In Errors in Children's Subtraction in Cognitive Science 1981, Young and O'Shea set up a PS model of subtraction. They say that in standard educational theory, faulty arithmetic is due to a failure to remember ``number facts'', aggravated by bad setting-out, fatigue, carelessness, poor concentration, etc. So standard theory has concentrated on models for recall of number facts.
But the children's errors may be due to failures in execution. We should regard the child as faithfully following wrong algorithms, not wrongly executing the correct one. Of course, this is a hypothesis; but it's worth taking seriously, because if true, it gives us more control over teaching.

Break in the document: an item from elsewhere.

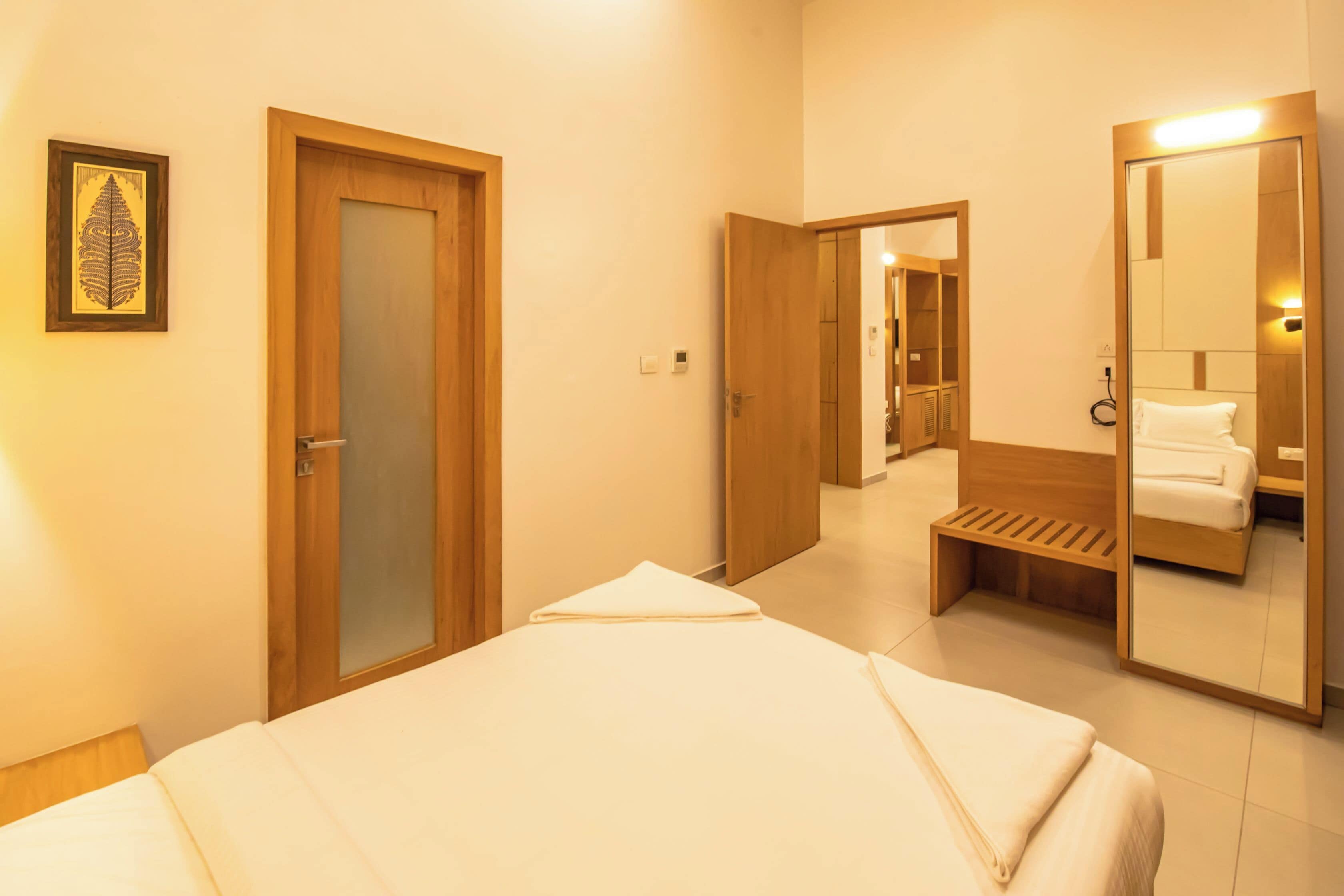 A hotel room with a bed, a bathroom with a mirror, and a door leading to another room.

Let's see whether a production system model could show how children might acquire wrong algorithms rather than correct ones. We'll express these as rules, of course. Young and O'Shea devised a set of PS rules which modelled correct subtraction, and then demonstrated that by slight changes to some of the rules, the model could generate most of the observed errors. This model accounts for more than 2/3 of such errors (from an analysis of 1500 sums by ten-year olds).
Some of these rules are faulty because of wrong actions; others, because of wrong conditions. For example,
50
46
--
16
--
may have been caused by a rule whose conditions don't discriminate
between having the zero under a digit, or above.

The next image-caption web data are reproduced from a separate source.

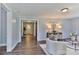 Inviting living room featuring an open doorway, modern decor, and elegant furnishings on stylish wood-look floors at 2126 Robby Dr, Maiden, NC 28650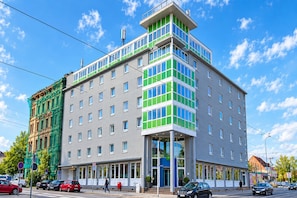 Un hôtel à plusieurs étages au design moderne, caractérisé par une entrée d’angle remarquable et une variété de styles de fenêtres.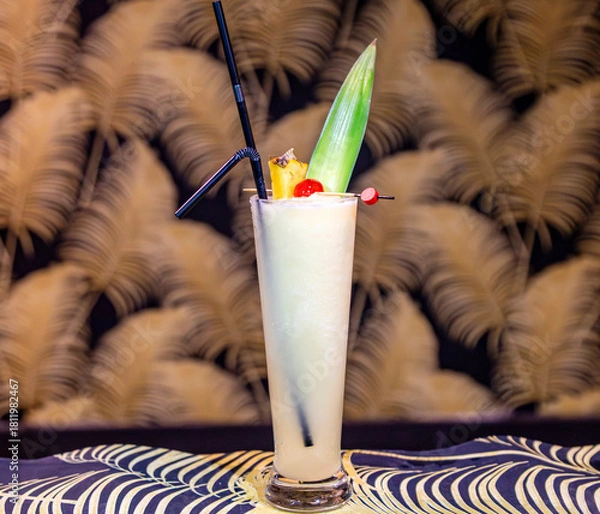 Fototapeta Exotic Piña Colada or Tropical Creamy Cocktail with Pineapple Leaf Garnish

What are the implications for teaching? Conventionally, a new skill or aspect of skill is viewed as a new component or procedure. So teachers ``consolidate'' it by repeated practice or ``consolidation training''. For example, language textbooks that introduce past tenses and then set translations involving all past tenses and no present tenses. But the rule model shows we must also train the learner in discriminating when to apply rules - to get the conditions right. Such training may actually be hindered by consolidation. In the language example, old present tense rules may be lost or changed in favour of past tense ones.
For a survey of this and other work on PS models of arithmetic skill, see the introduction to Mind Bugs: The Origins of Procedural Misconceptions by Kurt VanLehn (MIT 1990; PSY BF:V 032). Note that VanLehn treats PS models as descriptions in the same way that differential equations describe circuits or grammars describe linguistic behaviour (page 3).
See Rules of the Mind by John Anderson (LEA 1993; PSY BH:A 547) for a recent work by somebody who still believes in the psychological reality of production rules, and who contrasts his views with those of some connectionists. His arguments for rules are on page 10.